Daddy told me early on that I might as well do it right the first time because if I don’t I will have to do it again. We are living in a world where the focus is on the end vision of a task and doing “something” that will lead to realizing the end vision. We have strayed from the commitment and focus on doing a task right. In general, our society believes that we can do something incorrectly and achieve the desired outcome. Our lack of focus and commitment to carrying out a task on time, completely and correctly results in extra work being done to achieve the desired end vision.

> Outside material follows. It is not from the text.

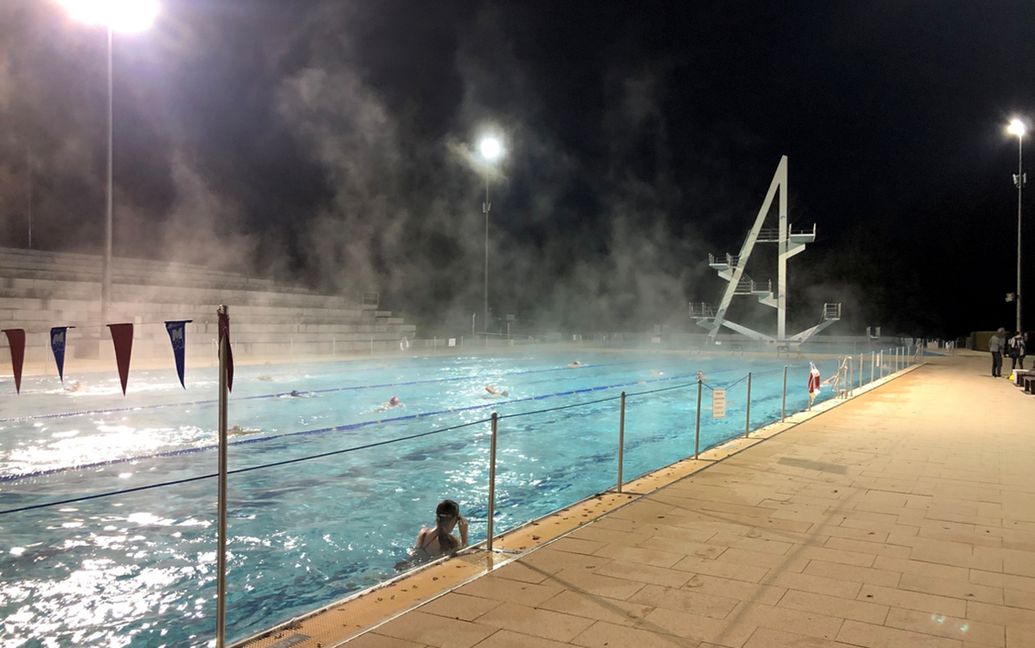 Frostiger Saisonabschluss im Sindelfinger Freibad lockt hartgesottene Schwimmer ins warme Nass. Bild: z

Time is more important than money. Time is a valuable commodity that is not unlimited in a day and the amount of time we have is not promised. I can lose money and recoup my losses, yet I cannot recoup the time ill spent. A second chance does not negate the fact that your organization or life could have used the time more efficiently and effectively. Redoing a task in an organizational process results in a loss of time and money. In addition to these losses, team members become frustrated, disengaged, and untrusting of the organization. Ask yourself what could you and your team have done with the time spent on redoing a task? What task was not complete because you spent extra time on the same?

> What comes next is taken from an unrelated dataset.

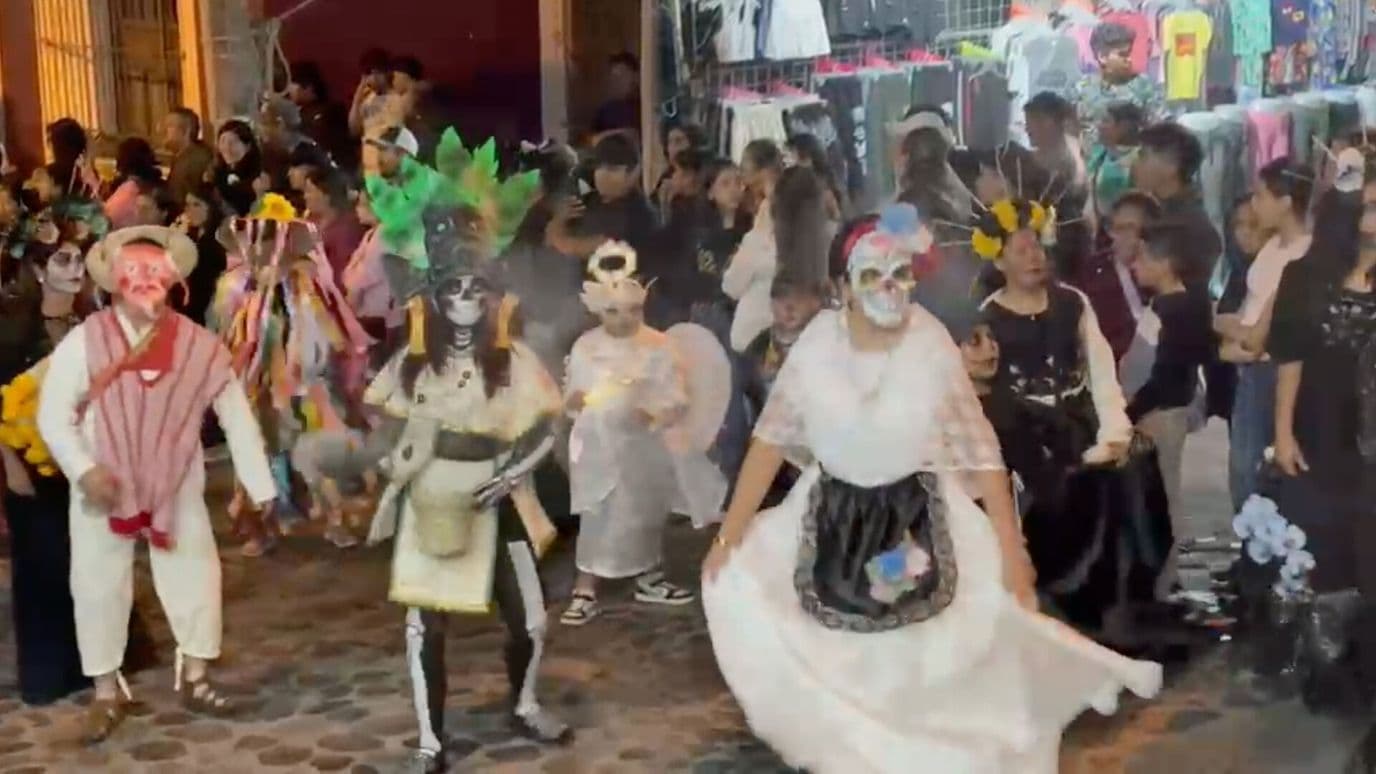 Realizan Desfile de Xantolo en Coscomatepec, Veracruz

In all walks of life, people say that they finished a process, yet they did not complete all of the tasks within the process. Would the person want to eat a cake that has no eggs or flour? Would they expect bread to rise in the oven without including yeast? Carrying out a task incompletely can have several consequences for customer, consumer (end-user), service provider (individual), organization, and community. Over two decades ago, the daughter of one of my best friends had surgery after giving birth to her son. The anesthesiologist left his daughter without oxygen for four (4) minutes (240 seconds). Due to the anesthesiologist carrying out a process incompletely for a mere 240 seconds, his daughter has 10% of the normal brain functioning and laid in a vegetation state. The newborn son did not get a chance to know his mother. A husband lost his wife. A daddy and mother lost their daughter. Siblings lost their sister. The anesthesiologist and other employees lost their job. The hospital was sued and my friend testified before the legislators in that state regarding the maximum amount a person could receive in a suit due to medical negligence. These were just some of the outcomes because one person did not complete their job for 240 seconds.


On two occasions yesterday, I gave my order at the drive thru of a restaurant. The first time the person taking the order promised that they would communicate with the cooks and people working the window so I would receive the correct size of the items ordered. Needless to say, the order taker did not communicate with the team and I did not receive what I had purchased. In my second experience of the day, I did not receive the correct items on the screen. In both cases, I was able to communicate that I did not receive what I had requested and purchased before leaving the window. Both restaurants lost time and money meeting my original food request. Completing a task incorrectly is equivalent to not completing the task at all. It is vital that the instructions or blue print are followed to achieve the desired result for yourself or someone else.


You must have a vision, otherwise the people (organization) will perish. When everyone involved in the process of rendering a service or product is focused on and committed to completing the process on time, completely and correctly, the probability of achieving the end vision successfully increases.